Icann holt sich den zentralen Domain-Server

01.07.1999
Thema des Tages

MÜNCHEN (COMPUTERWOCHE) - Die Entmachtung von Network Solutions (NSI) bei der Vergabe der Top-Level-Domains ".com", ".net" und ".org" schreitet voran: Die Deregulierungsinstanz Icann (Internet Company for Assigned Names and Numbers) bemüht sich um eine möglichst rasche Übernahme der zentralen Domain-Datenbank. Diese residiert momentan noch auf dem sogenannten "A-Server" bei Network Solutions und soll auf den von der Icann administrierten "L-Server" an der University of Southern California (USC) wechseln. An diesem komplexen Vorhaben werkeln neben dem Root Server Advisory Committee der Icann auch die zum US-Handelsministerium gehörende National Telecommunications and Information Administration (NTIA) und deren Ableger National Institute of Standards and Technology (NIST).

Sobald die technischen Voraussetzungen geschaffen sind, muß nur noch das Handelsministerium grünes Licht für den Wechsel geben. Praktisch handelt es sich dabei nicht um das Umlegen irgendwelcher Schalter, sondern lediglich um einen Auftrag an die Betreiber der 13 weltweit verteilten "Root Server", ihre Updates für die "Root Zone Files" (zentrale Domain-Verzeichnisse) ab sofort vom L- statt vom A-Server zu beziehen. Bislang ist noch unklar, ob dieser Schritt vor dem offiziellen Auslaufen des Vertrages mit NSI im September 2000 geschehen wird. Der Wortlaut des Kontrakts sieht diese Option zumindest vor.

Mike Roberts, Interims-President der Icann, ist optimistisch: "Unsere Techniker arbeiten an dem Plan und dürften in ein paar Wochen so weit sein." Theoretisch hätte man den Umstieg auch in einer Stunde durchziehen können, so der Icann-Mann. NSI ist allerdings angesäuert. "Wir haben den A-Server sechs Jahre lang als öffentliche Dienstleistung betrieben und dabei einen guten Job gemacht. Was für ein ´Problem´ soll hier eigentlich gelöst werden?" fragt Senior Vice-President Don Telage. Allerdings will sich Network Solutions in jedem Fall den Anweisungen des Handelsministeriums beugen. "Ausdrückliche schriftliche Anweisungen des Ministeriums werden wir befolgen. Und wenn sie uns sagen, wir sollen den A-Server nehmen und in Moskau aufstellen, dann machen wir auch das", scherzt Telage.

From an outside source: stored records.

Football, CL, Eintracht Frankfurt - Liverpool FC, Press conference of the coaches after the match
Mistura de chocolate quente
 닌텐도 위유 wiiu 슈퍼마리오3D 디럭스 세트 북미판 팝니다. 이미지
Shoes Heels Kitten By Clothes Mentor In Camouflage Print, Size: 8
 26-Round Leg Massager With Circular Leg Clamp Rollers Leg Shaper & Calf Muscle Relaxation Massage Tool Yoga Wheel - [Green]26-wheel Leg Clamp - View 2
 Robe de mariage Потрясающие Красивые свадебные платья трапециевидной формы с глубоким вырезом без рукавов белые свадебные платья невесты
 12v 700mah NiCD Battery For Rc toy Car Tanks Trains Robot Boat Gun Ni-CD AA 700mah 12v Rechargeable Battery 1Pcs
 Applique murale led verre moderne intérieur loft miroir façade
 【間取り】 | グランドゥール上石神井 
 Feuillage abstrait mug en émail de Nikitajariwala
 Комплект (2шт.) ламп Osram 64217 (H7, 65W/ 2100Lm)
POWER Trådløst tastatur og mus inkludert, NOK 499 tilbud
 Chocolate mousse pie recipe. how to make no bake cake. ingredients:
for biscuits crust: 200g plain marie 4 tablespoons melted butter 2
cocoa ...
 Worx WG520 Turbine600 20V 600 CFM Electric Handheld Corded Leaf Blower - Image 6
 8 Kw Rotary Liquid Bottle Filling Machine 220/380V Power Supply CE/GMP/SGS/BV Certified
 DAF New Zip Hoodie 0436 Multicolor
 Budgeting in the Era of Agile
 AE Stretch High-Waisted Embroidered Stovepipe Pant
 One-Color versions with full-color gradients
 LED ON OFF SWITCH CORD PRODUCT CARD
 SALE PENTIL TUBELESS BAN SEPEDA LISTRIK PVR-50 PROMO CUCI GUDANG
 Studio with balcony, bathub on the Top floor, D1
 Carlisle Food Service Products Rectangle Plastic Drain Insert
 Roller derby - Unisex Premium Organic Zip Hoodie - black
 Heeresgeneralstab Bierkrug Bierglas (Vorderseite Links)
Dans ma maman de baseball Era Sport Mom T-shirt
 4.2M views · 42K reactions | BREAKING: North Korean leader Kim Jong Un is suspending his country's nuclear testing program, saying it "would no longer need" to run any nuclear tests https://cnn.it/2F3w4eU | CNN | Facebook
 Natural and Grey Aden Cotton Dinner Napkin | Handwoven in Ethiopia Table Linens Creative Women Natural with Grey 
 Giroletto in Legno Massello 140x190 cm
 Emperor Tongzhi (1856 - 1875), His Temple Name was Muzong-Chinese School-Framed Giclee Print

Das Ministerium als Zünglein an der Wage äußert sich zum brisanten Thema eher kryptisch. "Der offizielle Root wird von NSI auf Weisung der Regierung betrieben", erklärt die Behördensprecherin Becky Burr. "Die übrigen Root-Server können nur in Rahmen eines gut organisierten Plans auf den Icann-Server verweisen, bei dem sie Stabilität des Netzes Vorrang hat." Daß bei dem Umstieg kaum technische Probleme zu erwarten sind, hatte vor einigen Jahren der inzwischen verstorbene John Postel, einer der Urväter und Architekten des Internet, eindrucksvoll bewiesen. In einem Akt "digitaler Entführung" hatte Postel seinerzeit eigenmächtig die Root-Server auf den L-Server umgeleitet, ohne das größere Probleme aufgetaucht wären.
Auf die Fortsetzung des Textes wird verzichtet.